Modify SONAR-netCDF4 convention file

b-reyes commented 2 years ago

This issue is related to #570 and #519, which deal with a restructuring of the EchoData object.

In order to account for this restructuring, we need to allow for the conversion of past EchoData objects into this new form. This is particularly necessary in open_converted.

To make this conversion easier, it is necessary to add some slight modifications to 1.0.yml. We need to either add coords for each group e.g.

groups:
  environment:
    name: Environment
    description: contains information relevant to acoustic propagation through water.
    coords: ['frequency' , 'ping_time']
    ep_group: Environment

or add the coordinates into variable_and_varattributes for each group in 1.0.yml.

If anyone has a different suggestion, please let me know!

@leewujung @emiliom @lsetiawan

leewujung commented 2 years ago

The coordinates currently specified in this yml file is not exhaustive, but for v0.6.0 I suggest that we take a minimalist approach to only take care of breaking changes that users will see or use immediately, such as via open_converted.

Anything that is missing but non-breaking, we can take care of in the following v0.6.X.

b-reyes commented 2 years ago

If we want to take the minimalist approach, then I suggest we just add coords to each group (the first suggestion above). This will allow us to address the change from range_bin --> range_sample and the reorganization of the Beam groups.

leewujung commented 2 years ago

add coords to each group

This would work.

From what I can remember atm, here are what we will need to change/add into the yml:

Beam: Beam_group1
Beam_power when exists : Beam_group2
range_bin: range_sample
frequency: channel_id
Along with the channel_id change, we add a new data variable frequency_nominal to retain the frequency information
range: echo_range (this shouldn't be needed, since this is only after calibration)

@b-reyes : How about if you do the first 3, and @emiliom and I take care of the rest once your first batch of changes are in? since we still need to take care of #566.

b-reyes commented 2 years ago

@leewujung I believe the first two items are already done in 1.0.yml. See the name portion below

https://github.com/OSOceanAcoustics/echopype/blob/1afc16aeb9b7ed67d39006ac9192f13b9d76e4b6/echopype/echodata/convention/1.0.yml#L35-L47

Now that you mentioned items 4, 5, and 6, do you think we should just go with a full blown description of the groups and associated data variables? That way we are not modifying 1.0.yml in a significant way in the future? I know this may overlap with pydantic, but it seems like we could just replace 1.0.yml with pydantic or have it be part of pydantic. For example, we could do the following:

groups:
  environment:
    name: Environment
    description: contains information relevant to acoustic propagation through water.
    ep_group: Environment
    variables:
      absorption_indicative:
        coords: ['frequency', 'ping_time']
      sound_speed_indicative:
        coords: ['frequency', 'ping_time']

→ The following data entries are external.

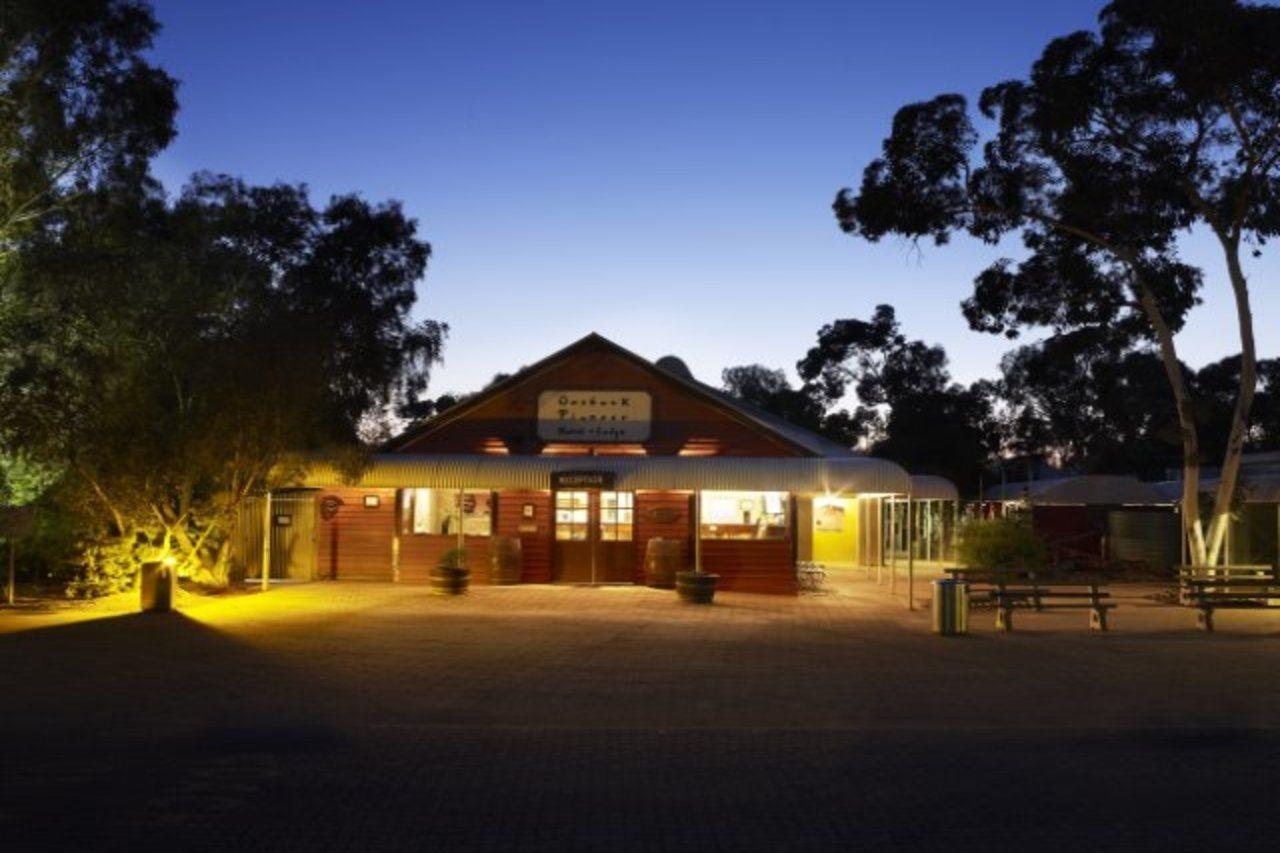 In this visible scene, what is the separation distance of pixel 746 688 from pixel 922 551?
27377mm

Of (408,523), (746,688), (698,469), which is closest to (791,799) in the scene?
(746,688)

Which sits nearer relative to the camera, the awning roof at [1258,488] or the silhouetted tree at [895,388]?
the awning roof at [1258,488]

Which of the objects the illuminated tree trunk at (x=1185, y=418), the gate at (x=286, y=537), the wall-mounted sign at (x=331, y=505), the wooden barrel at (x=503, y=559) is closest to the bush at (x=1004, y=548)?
the illuminated tree trunk at (x=1185, y=418)

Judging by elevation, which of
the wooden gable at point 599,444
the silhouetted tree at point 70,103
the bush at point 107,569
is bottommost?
the bush at point 107,569

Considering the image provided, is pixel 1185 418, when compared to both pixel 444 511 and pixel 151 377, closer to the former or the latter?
pixel 444 511

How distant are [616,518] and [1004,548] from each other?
305 inches

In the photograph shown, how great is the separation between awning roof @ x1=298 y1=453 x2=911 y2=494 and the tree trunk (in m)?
6.06

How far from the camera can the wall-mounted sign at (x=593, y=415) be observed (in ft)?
85.6

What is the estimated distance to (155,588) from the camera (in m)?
18.4

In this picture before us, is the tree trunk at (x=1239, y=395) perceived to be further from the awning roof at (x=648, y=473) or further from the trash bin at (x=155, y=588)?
the trash bin at (x=155, y=588)

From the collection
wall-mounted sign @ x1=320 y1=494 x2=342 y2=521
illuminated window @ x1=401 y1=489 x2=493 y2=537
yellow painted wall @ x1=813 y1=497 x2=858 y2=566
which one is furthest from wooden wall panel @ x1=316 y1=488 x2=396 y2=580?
yellow painted wall @ x1=813 y1=497 x2=858 y2=566

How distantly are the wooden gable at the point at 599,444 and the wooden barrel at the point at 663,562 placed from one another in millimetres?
2870

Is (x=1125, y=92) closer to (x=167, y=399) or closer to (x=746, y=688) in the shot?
(x=746, y=688)

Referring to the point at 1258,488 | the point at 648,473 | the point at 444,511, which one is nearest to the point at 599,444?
the point at 648,473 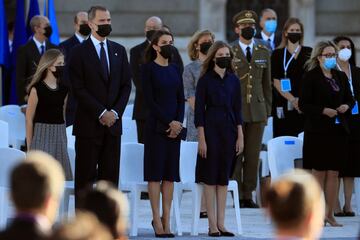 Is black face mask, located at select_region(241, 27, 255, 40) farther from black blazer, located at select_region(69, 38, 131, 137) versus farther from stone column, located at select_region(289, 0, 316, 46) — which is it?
stone column, located at select_region(289, 0, 316, 46)

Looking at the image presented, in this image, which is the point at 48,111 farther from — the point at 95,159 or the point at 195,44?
the point at 195,44

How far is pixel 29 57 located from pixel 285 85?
342cm

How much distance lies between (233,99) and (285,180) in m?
7.17

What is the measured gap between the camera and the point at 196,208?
1313 centimetres

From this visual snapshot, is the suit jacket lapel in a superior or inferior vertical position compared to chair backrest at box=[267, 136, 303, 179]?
superior

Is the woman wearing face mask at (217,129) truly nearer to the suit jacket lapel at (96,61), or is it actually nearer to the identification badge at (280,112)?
the suit jacket lapel at (96,61)

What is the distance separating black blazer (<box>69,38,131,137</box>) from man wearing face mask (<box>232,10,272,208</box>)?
10.7 feet

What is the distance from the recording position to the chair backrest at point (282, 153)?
14.3 metres

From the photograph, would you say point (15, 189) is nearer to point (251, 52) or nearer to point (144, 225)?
point (144, 225)

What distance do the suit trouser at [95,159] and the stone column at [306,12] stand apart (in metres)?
11.9

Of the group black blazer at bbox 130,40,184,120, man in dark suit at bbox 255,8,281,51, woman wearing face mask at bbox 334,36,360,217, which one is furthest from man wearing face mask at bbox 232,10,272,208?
man in dark suit at bbox 255,8,281,51

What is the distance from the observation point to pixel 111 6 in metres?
23.6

Then when we are checking the file we know exactly what to change when doing the conversions.

leewujung commented 2 years ago

I believe the first two items are already done in 1.0.yml.

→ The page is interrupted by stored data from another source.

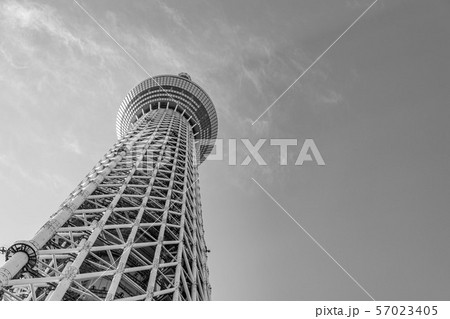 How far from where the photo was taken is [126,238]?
32.8 m

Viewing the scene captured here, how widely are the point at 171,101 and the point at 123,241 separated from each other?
178ft

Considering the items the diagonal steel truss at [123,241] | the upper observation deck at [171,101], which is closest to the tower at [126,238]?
the diagonal steel truss at [123,241]

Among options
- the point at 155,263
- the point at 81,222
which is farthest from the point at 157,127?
the point at 155,263

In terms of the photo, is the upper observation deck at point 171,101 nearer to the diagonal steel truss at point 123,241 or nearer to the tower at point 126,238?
the tower at point 126,238

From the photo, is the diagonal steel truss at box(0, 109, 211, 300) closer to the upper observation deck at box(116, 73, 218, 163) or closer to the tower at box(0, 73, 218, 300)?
the tower at box(0, 73, 218, 300)

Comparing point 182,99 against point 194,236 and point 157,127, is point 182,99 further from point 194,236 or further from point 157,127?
point 194,236

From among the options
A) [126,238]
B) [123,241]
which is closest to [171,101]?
[126,238]

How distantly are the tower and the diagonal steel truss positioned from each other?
0.06m

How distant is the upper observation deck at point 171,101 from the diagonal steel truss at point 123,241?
27043 mm

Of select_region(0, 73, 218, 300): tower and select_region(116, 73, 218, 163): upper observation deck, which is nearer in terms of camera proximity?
select_region(0, 73, 218, 300): tower

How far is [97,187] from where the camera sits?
1485 inches

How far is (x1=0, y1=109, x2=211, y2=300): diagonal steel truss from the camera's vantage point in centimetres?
2356

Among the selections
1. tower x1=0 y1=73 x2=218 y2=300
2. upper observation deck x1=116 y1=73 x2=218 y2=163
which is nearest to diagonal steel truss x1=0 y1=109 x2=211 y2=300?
tower x1=0 y1=73 x2=218 y2=300

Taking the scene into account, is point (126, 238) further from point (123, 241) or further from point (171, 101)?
point (171, 101) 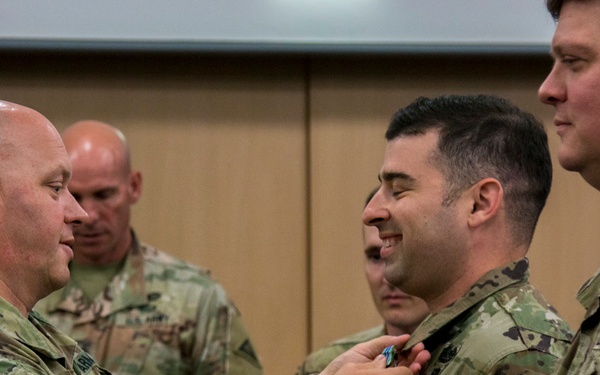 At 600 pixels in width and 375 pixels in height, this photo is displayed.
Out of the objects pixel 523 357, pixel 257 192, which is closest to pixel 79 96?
pixel 257 192

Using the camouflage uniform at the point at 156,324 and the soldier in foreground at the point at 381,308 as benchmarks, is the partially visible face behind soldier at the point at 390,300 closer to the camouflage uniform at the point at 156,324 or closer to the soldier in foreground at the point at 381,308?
the soldier in foreground at the point at 381,308

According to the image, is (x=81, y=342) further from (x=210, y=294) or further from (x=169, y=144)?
(x=169, y=144)

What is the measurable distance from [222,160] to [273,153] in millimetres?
192

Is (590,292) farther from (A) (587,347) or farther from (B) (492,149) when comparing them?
(B) (492,149)

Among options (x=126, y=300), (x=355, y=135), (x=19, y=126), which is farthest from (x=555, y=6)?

Oh great! I hadn't looked into the file so that's great!

Now that you mentioned items 4, 5, and 6, do you think we should just go with a full blown description of the groups and associated data variables

I think for v0.6.0 we can aim for having just the coordinate part of every group, to minimize delay to roll out the release, and add description for all data variables in later v0.6.X -- on this second part, @emiliom should definitely chime in here because I think he has something that captures the v.1 convention entirely that could be used/useful in including everything into this yml.

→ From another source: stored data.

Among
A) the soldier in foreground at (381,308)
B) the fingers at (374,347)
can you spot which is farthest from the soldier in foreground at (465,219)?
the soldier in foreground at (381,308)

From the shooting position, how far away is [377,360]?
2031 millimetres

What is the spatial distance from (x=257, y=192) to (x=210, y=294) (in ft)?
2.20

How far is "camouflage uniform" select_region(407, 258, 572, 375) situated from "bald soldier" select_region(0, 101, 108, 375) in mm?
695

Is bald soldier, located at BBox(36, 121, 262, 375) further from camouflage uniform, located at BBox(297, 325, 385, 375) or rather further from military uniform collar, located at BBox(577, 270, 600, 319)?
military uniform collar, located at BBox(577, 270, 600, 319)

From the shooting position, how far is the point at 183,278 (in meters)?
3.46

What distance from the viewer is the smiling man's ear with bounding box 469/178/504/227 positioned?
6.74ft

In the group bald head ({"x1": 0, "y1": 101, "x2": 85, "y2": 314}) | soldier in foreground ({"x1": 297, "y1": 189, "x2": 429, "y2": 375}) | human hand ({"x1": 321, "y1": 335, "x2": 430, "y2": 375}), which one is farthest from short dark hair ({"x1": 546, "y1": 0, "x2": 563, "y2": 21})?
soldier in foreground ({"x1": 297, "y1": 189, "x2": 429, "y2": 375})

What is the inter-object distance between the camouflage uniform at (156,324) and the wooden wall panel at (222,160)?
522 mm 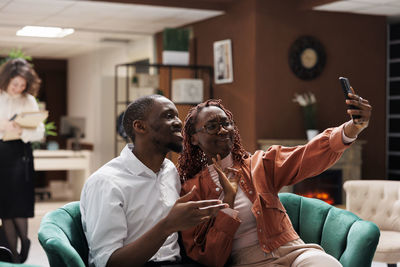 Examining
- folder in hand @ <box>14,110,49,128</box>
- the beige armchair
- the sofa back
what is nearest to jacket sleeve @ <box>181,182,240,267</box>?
the beige armchair

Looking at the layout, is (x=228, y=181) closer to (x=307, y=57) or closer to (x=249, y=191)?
(x=249, y=191)

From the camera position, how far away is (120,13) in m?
7.31

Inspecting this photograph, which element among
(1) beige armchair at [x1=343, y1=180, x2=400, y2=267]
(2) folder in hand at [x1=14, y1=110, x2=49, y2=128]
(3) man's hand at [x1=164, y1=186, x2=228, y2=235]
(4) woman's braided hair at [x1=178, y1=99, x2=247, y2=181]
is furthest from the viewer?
(2) folder in hand at [x1=14, y1=110, x2=49, y2=128]

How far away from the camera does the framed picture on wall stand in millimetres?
7172

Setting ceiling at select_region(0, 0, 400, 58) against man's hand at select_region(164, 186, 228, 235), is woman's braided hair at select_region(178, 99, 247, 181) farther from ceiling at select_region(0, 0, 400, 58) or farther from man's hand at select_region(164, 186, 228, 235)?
ceiling at select_region(0, 0, 400, 58)

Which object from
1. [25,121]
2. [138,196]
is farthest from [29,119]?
[138,196]

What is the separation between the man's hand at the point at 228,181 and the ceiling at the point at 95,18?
464 cm

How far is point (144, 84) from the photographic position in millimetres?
7855

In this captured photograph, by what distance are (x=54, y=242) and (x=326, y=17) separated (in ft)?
18.9

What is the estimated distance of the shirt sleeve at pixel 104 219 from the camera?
203cm

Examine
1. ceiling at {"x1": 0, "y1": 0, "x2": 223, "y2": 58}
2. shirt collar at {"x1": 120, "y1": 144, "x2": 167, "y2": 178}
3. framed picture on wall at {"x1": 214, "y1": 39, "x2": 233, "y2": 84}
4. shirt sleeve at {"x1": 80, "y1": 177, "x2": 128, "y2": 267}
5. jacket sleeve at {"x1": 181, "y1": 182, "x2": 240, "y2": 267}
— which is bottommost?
jacket sleeve at {"x1": 181, "y1": 182, "x2": 240, "y2": 267}

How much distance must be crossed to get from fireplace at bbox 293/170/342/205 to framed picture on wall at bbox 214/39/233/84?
1.50 metres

b-reyes commented 2 years ago

Just to clarify @leewujung is your vote for the addition of coords to each group too or do you think this should be done differently (for v0.6.0)?

leewujung commented 2 years ago

Yes, my vote is to add coords to each group (but not the data variables unless those are part of what we have to check).

b-reyes commented 2 years ago

I just realized that the coordinates of a particular group can change depending on the echosounder that you are using. Is this correct? If so, I think we need to be a little more specific when putting the coordinates. For example, we can do the following:

groups:
  environment:
    name: Environment
    description: contains information relevant to acoustic propagation through water.
    ep_group: Environment
    coords_ek60: ['frequency' , 'ping_time']
    coords_ek80: ['ping_time']
    coords_azfp: ['ping_time']
    coords_ad2cp: ['ping_time', 'ping_time_burst', 'ping_time_average', 'ping_time_echosounder']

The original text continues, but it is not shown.